Restoring Safety and Dignity Through Protection Support

In response to the unprecedented scale of protection needs in Gaza, the DRC Protection Programme has focused on life-saving protection interventions designed to reach the most vulnerable. The programme combines direct case management with community-based protection, psychosocial support, and emergency referrals, ensuring that individuals at heightened risk are not left behind in displacement.

Through case management, a trained protection specialist works directly with persons facing acute risks, such as children separated from their families, survivors of gender-based violence, and persons with disabilities abandoned in overcrowded shelters. Each case is assessed individually, with tailored support provided through referrals to health services, provision of assistive devices, psychosocial counselling, or coordination with shelter actors.

Khaled’s case was discovered through protection monitoring conducted under the EU-funded Basic Needs Consortium (ECHO project), which supports DRC’s referral pathways and coordination mechanisms. His needs were identified through this monitoring, and DRC intervened promptly to reduce the protection risks arising from his disability.

Khaled’s case was prioritized. The protection specialist coordinated across multiple partners to reduce his risks:

Medical & Mobility Support: Referral to Medical Aid for Palestinians (MAP) enabled him to receive treatment for his pressure sores and, crucially, a new wheelchair. For the first time in months, he regained independence and dignity, able to reach the latrine on his own.

Shelter & Sanitation: Through their partner PARC[1], also a partner of ECHO through the Basic Needs Consortium, DRC carried out essential site improvements. The sewage pit near his tent was repaired and cleaned, significantly reducing the risk of infection for him and the surrounding families.

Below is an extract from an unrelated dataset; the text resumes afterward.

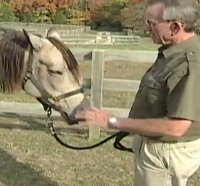 Video: Understanding Equine Laminitis: How Does Laminitis Or Founder Affect Your Horse?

Essential Items: Through Stars of Hope, Khaled received emergency diapers and was added to their regular distribution list. He was also provided with a medical mattress, with DRC coordinating electricity supply so it could be used safely.

Psychosocial Support: The protection specialist provided psychological first aid and referred him to specialized psychosocial services, addressing his feelings of neglect and despair.

Psychosocial support has been a cornerstone of the wider intervention, with the protection specialist offering psychological first aid and structured activities to restore dignity amidst the chaos of repeated displacement. In addition to support for persons with disabilities, parents and caregivers also participate in group sessions to manage stress while supporting their children’s mental health.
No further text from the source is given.